DATA TO USE
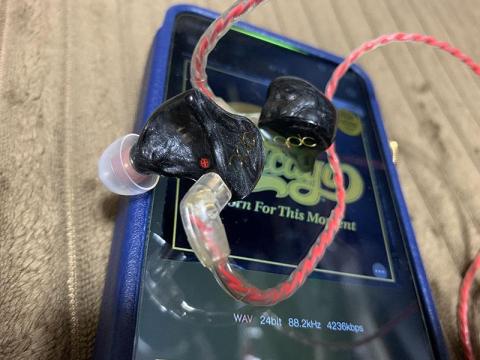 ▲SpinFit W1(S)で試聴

* * *

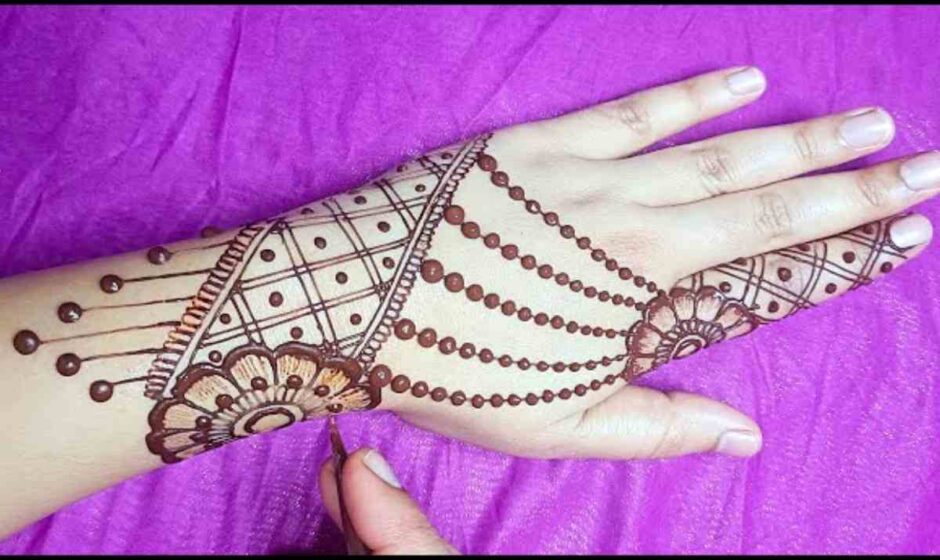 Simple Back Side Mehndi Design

==

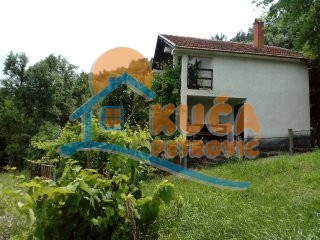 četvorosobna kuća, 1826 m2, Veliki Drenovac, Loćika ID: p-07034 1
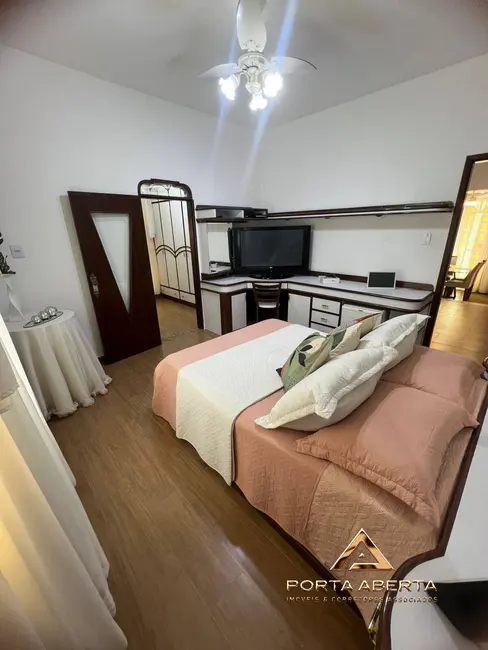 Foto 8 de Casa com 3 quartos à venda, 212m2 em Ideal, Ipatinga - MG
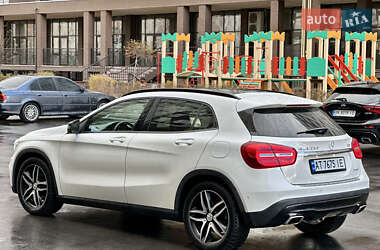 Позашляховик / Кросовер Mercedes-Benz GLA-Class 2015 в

TASK ITEM
Transcribe only this stretch of the data: the line with "četvorosobna kuća, 1826", the line with "Позашляховик / Кросовер", and every line in between. Leave out the pictures.

EXERCISE RESULT
 četvorosobna kuća, 1826 m2, Veliki Drenovac, Loćika ID: p-07034 1
 Foto 8 de Casa com 3 quartos à venda, 212m2 em Ideal, Ipatinga - MG
 Позашляховик / Кросовер Mercedes-Benz GLA-Class 2015 в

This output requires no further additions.